Stewart Brodie stewart at metahusky.net
Thu Nov 20 11:24:54 UTC 2003


"Andrew Dennison" <andrew.dennison at motec.com.au> wrote:

> Stewart Brodie wrote:
> >
> > We do not have modprobe in our box.  Neither do we have a modules.dep
> > file - and from a brief look at the source code, the former doesn't do
> > anything without the latter.
> >
> > Something in the kernel's build process attempts to run depmod, but it
> > fails because it (presumably the x86 Linux binary) doesn't understand
> > the MIPS Linux kernel modules.
> >
> > It seems that I have to find the modules myself and pass the names
> > directly to insmod.
> 
> Or build a simple modules.dep in your build process?
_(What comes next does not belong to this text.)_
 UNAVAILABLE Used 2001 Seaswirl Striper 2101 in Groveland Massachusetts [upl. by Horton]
I am not that familiar with the module dependency management.  How does that
file help (and presumably I'd have to add modprobe too)?
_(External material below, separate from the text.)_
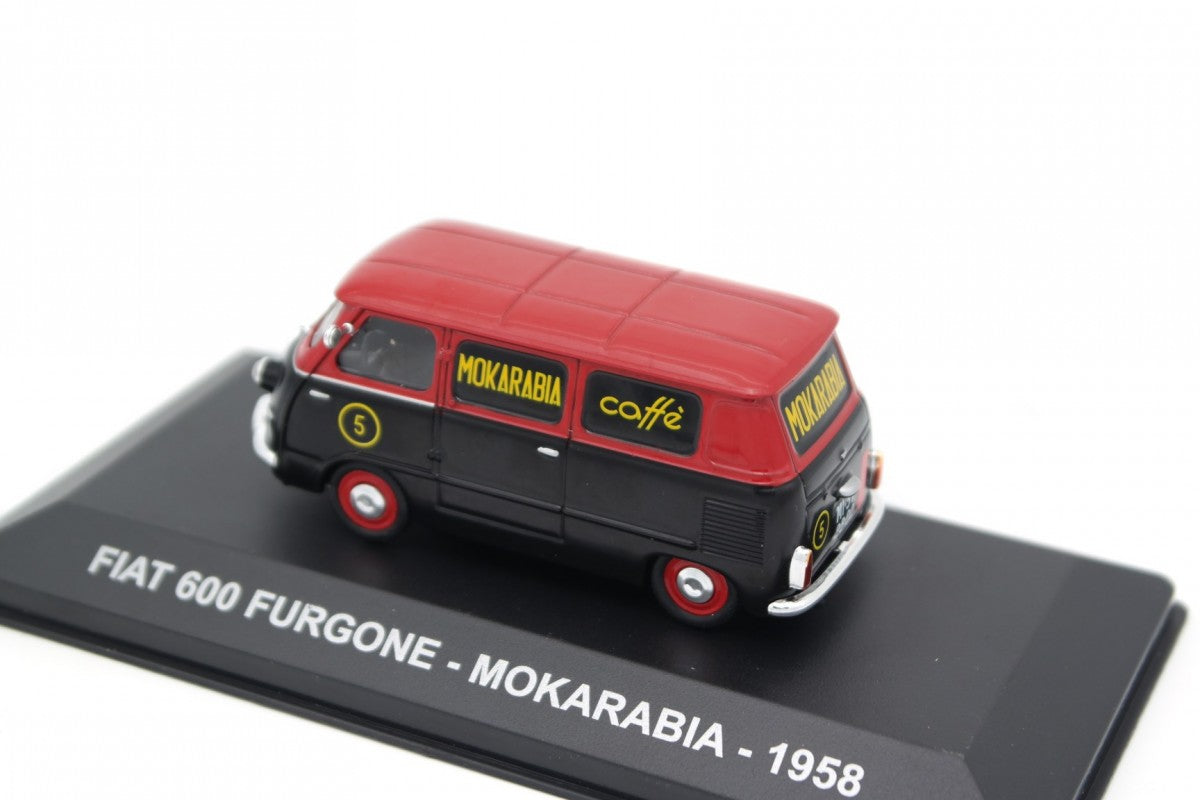 Fiat 600 Furgone Mokarabia 1958 - 1/43 Altaya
> A simple approach could be just to test if the file /lib/modules/`uname
> -r`/misc/"${prefix}${module}".o exists before running insmod?

Well, since I'd loading "official" kernel modules too, I'd have to do a find
operation over the whole /lib/modules because the kernel likes to put its
modules in a tree that reflects the kernel build tree's structure - which is
what prompted the question in the first place, because this is *almost*
exactly what insmod does.

In fact, it would be useful if the modules could be gzipped and
automatically decompressed by insmod.  Failing that, I suppose I could
modify my even more complex find command to locate .o.gz files and
decompress them to RAM disc for loading.


> > > ps: I think "external" modules normally go under /lib/modules/`uname
> > > -r`/misc/ at least that's where I started putting my custom modules
> > > them after doing some reading about this a while ago.
> >
> > Right, I might change our build system to put stuff in there instead
> > then. One difficulty my build system has is knowing where exactly to
> > install modules to.  How does it know what `uname -r` is going to be at
> > run-time on the target?
> 
> I keep my kernels in versioned directories and tell the build process
> which kernel to build against - simple and effective. I include a file
> called ".buildvars" in my Rules.make so I don't have to hack the makefile
> to build for a different kernel. Nothing unique, just ideas borrowed from
> other makefiles.

So you have to provide the version number explicitly to your build process?
If so, then I'm happy with my automatic detection.